Postprint version. Published in Innovations in Systems and Software Engineering, Volume 1, Issue 2, September 1, 2005, pages 116-124.
NOTE: At the time of publication, the author Alex Dekhtyar was not yet affiliated with Cal Poly.
The definitive version is available at https://doi.org/10.1007/s11334-005-0011-3.
To support debugging, maintenance, verification and validation (V&V) and/or independent V&V (IV&V), it is necessary to understand the relationship between defect reports and their related artifacts. For example, one cannot correct a code-related defect report without being able to find the code that is affected. Information retrieval (IR) techniques have been used effectively to trace textual artifacts to each other. This has generally been applied to the problem of dynamically generating a trace between artifacts in the software document hierarchy after the fact (after development has proceeded to at least the next lifecycle phase).
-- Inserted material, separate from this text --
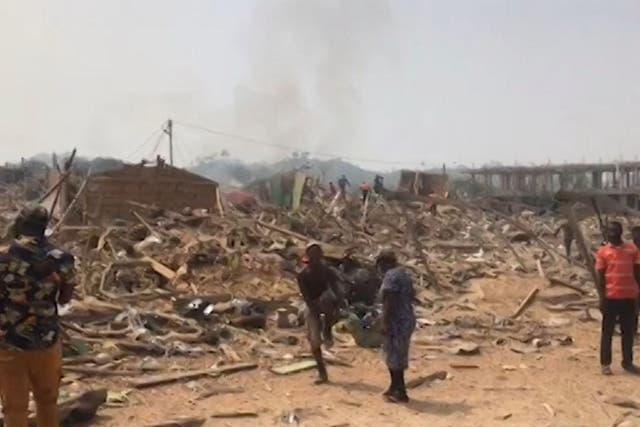 <p>The aftermath of an explosion in the village of Apiate, which has killed at least 17 people  </p>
The same techniques can also be used to trace textual artifacts of the software engineering lifecycle to defect reports. We have applied the term frequency–inverse document frequency (TF-IDF) technique with relevance feedback, as implemented in our requirements tracing on-target (RETRO) tool, to the problem of tracing textual requirement elements to related textual defect reports. We have evaluated the technique using a dataset for a NASA scientific instrument. We found that recall of over 85% and precision of 69%, and recall of 70% and precision of 99% could be achieved, respectively, on two subsets of the dataset.